The ASA concluded that as the cap and the label of the bottle were not made of recycled materials, and as the wording was in very small text that could easily be overlooked it was in breach of the advertising code. 

The ad breached CAP Code (Edition 12) rules 3.1 (Misleading advertising), 3.7 (Substantiation), 3.9 (Qualification) and 11.3 (Environmental claims).

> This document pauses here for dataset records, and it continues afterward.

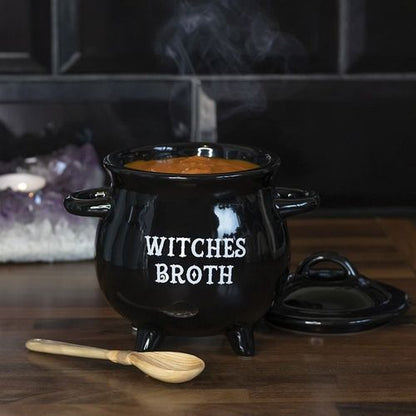 A black ceramic soup bowl designed to resemble a witch's cauldron with 'WITCHES BROTH' text on it, accompanied by a wooden spoon, on a kitchen counter.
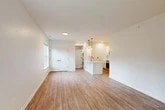 Located at 1061 Dryden Rd in Ithaca, NY, this two-story home offers a clean, modern aesthetic with thoughtful design throughout. The main living level hosts a bright, open-concept space that seamlessly integrates the living room, dining area, and kitchen. Light wood-tone flooring runs throughout, complementing the crisp white walls and abundant natural light from well-placed windows. The kitchen is a standout feature, boasting white shaker cabinetry, a white quartz peninsula with a matte black sink, stainless steel appliances including a range, microwave, and refrigerator, and elegant pendant lighting overhead. A subway tile backsplash adds a refined finishing touch. Ample closet storage is distributed throughout the home, with six closets in total. The two bedrooms are comfortably sized, with the primary bedroom featuring plush carpet, a ceiling fan, large windows with garden views, and direct access to a full bathroom. The bathrooms are finished with modern matte black fixtures, including a glass-enclosed walk-in shower. A private balcony off the upper level offers serene views of mature evergreen trees and landscaped grounds. The attached garage on the ground level provides convenient covered parking and additional storage space.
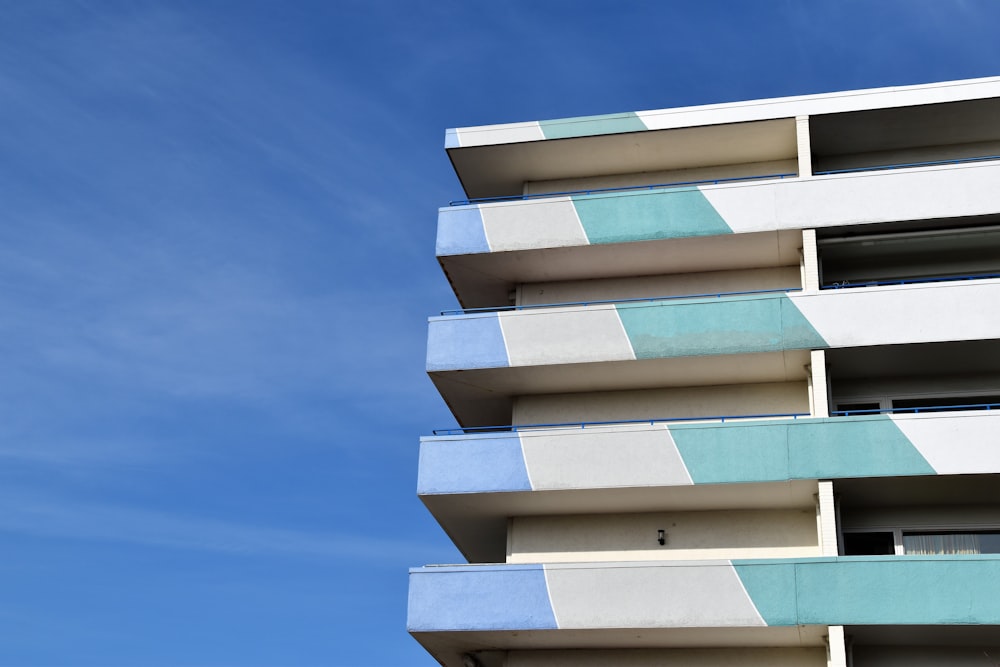 a tall white and blue building with balconies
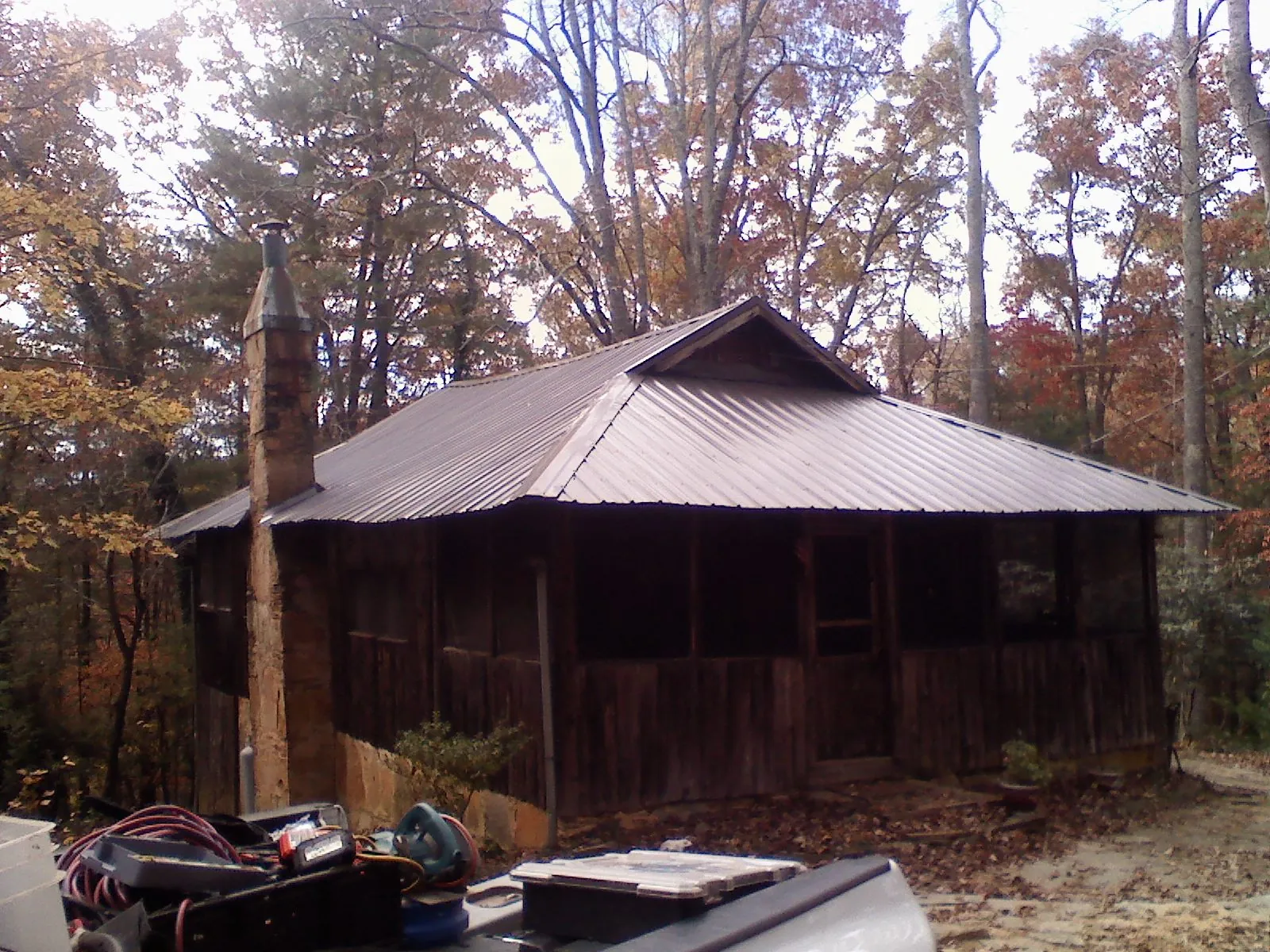 Brown metal hip roof on an old cabin with a stone chimney in Horntown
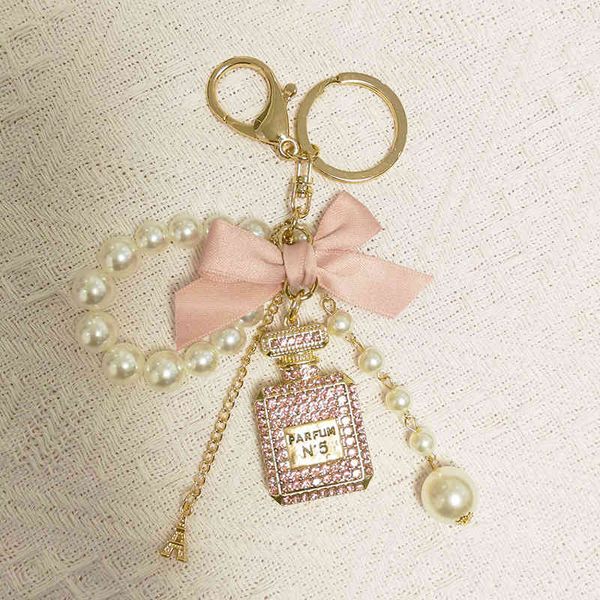 trendy key chain number 5 bottle keychain for woman luxury jewelry bow car keyring camellia pearl pendant keychains bag decoration, Slivery;golden
trendy key chain number 5 bottle keychain for woman luxury jewelry bow car keyring camellia pearl pendant keychains bag decoration, Slivery;golden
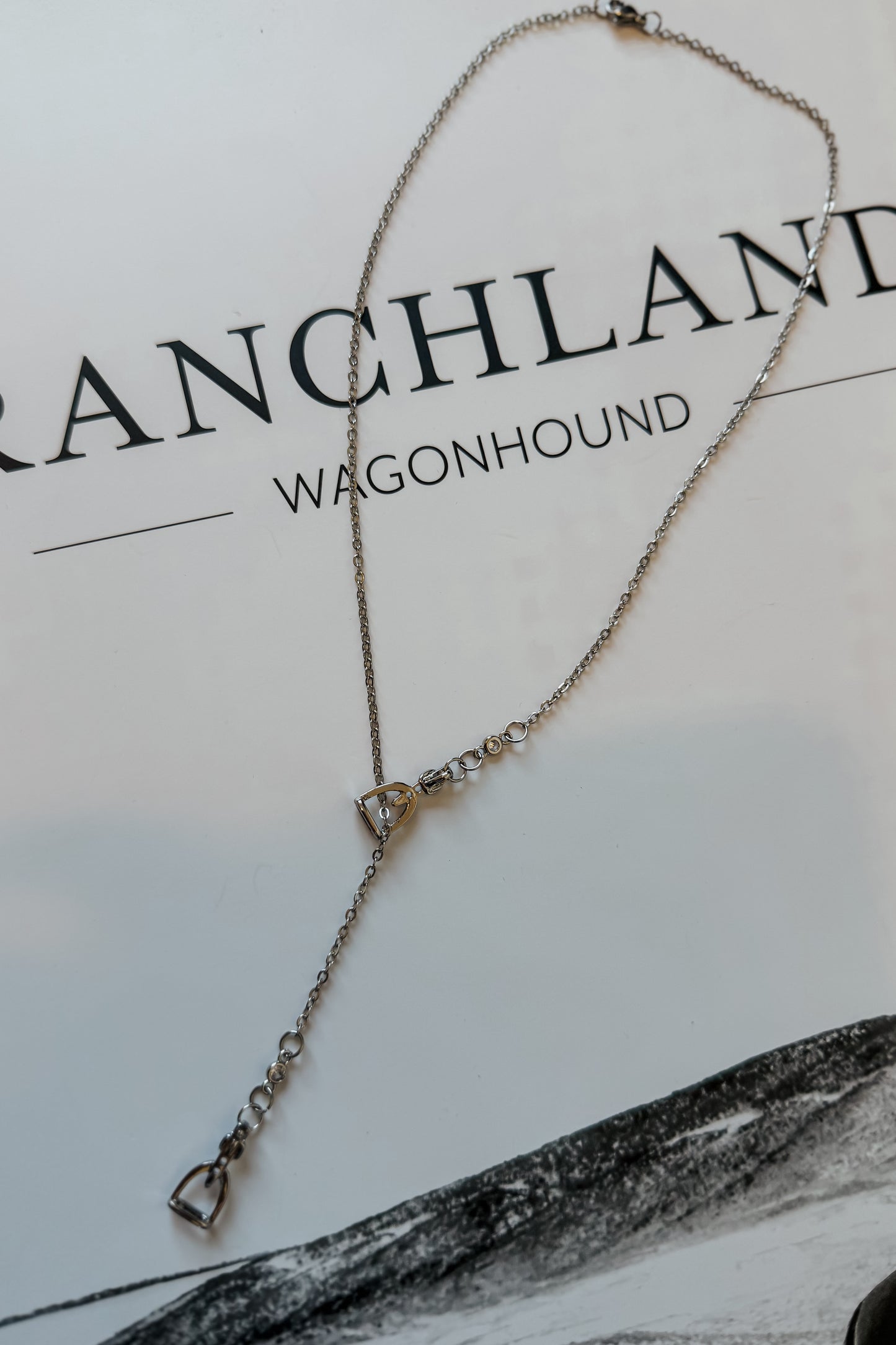 Close-up of silver stirrup lariat necklace showing dainty chain and slider detail.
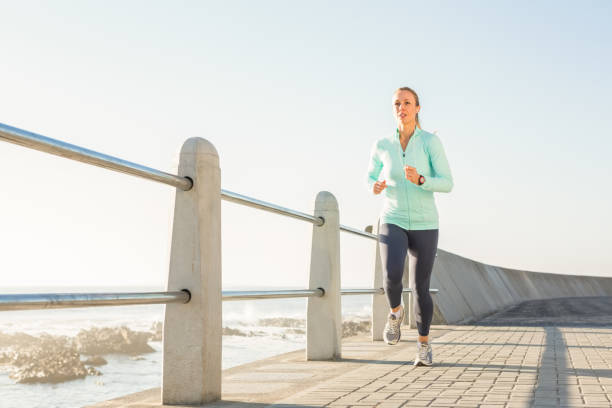 istock Focused fit blonde jogging at promenade 668894904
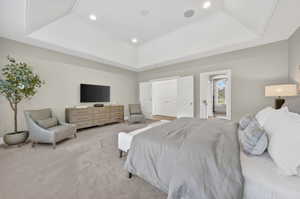 Bedroom with carpet flooring, a tray ceiling, and recessed lighting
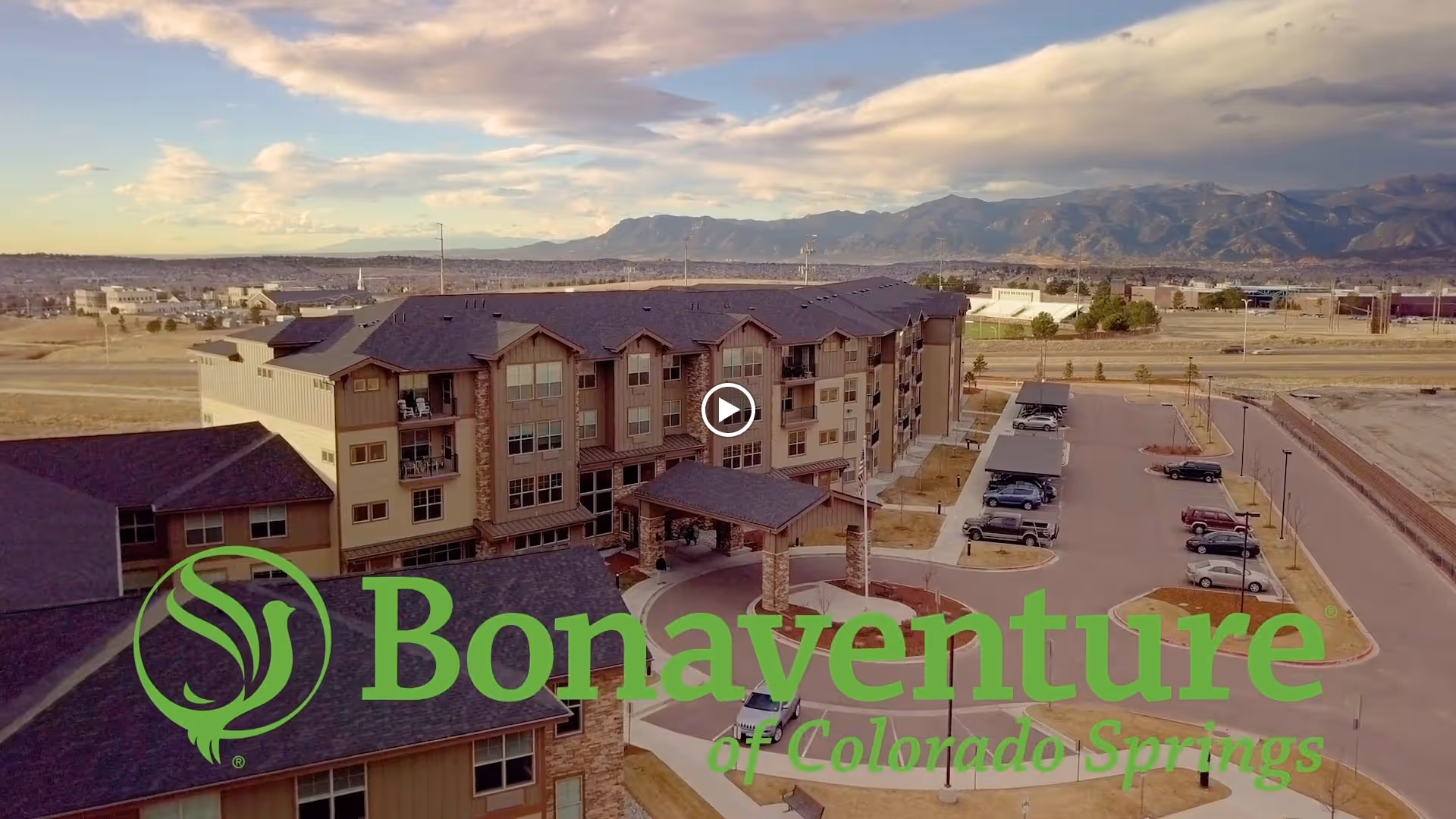 Aerial view of a multi-story senior living facility building with a parking lot and surrounding landscape, set against a backdrop of mountains and a partly cloudy sky.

ASA Ruling on Roxane UK Ltd t/a Aqua Pura

 A TV ad for Aqua Pura, seen in August 2021, featured people drinking from bottles of Aqua Pura whilst enjoying time outdoors in nature. A voice-over said, “In Cumbria there’s more to water. From clouds up high, down hill and fell and mountainside. Flowing deep for years. Nature purifies on its journey to finding you. Bottle it up, guzzle it down, bathe the hills and quench the towns. For this is aqua. Nothing purer, it’s nature friendly we assure you. Crush it down, take it back, we’ll make plenty more with that. So take a sip of Cumbria. Go out, go far, go live. Aqua Pura. Hydration for the nation.” The ad ended with two bottles of Aqua Pura on a rock with a backdrop of a lake and rolling green hills, the Aqua Pura logo and text that said “Hydration for the Nation” and “100% recycled & recyclable bottle with eco-friendly cap*”. The asterisk linked to text on screen that said “*relates to 500ml bottles only”. 

Roxane Uk Ltd commented that the bottle as made from recycled PET from their own recycling plant, and that the 500ml bottles were made from 100% recycled materials. The label and cap were made from polypropylene and HDPE plastic which may also be recycled. 

The ASA concluded that the claim "100%...recyclable bottle" was not misleading as the company demonstrated that all parts of the bottle could be recycled.

However the term "eco-friendly cap" should demonstrate that the cap as not harmful to the environment at any point in its full life cycle. 

The lid was designed to remain attached to the bottle and not to get lost in nature, however as the cap was made from non-recycled plastic, the production of the cap would have a negative impact on the environment.

On that point, the ad breached BCAP Code rules 3.1 (Misleading advertising), 3.9 (Substantiation) and 9.2, 9.3, 9.4 and 9.5 (Environmental claims). 

The ASA told them ..." to ensure they did not overstate the environmental benefit of their brand and products, and did not claim that products made of plastic were “eco-friendly” or “nature friendly”. 

What does this mean?

These rulings are a sign that the average consumer is increasingly reporting misleading eco-claims and that the ASA is investigating them and agreeing that some aspects of the claims are misleading. 

We would recommend researching carefully any product claims regarding its 'eco-friendly' nature and the use of recycled materials and the ability to be recycled to ensure that they are not misleading to the consumer.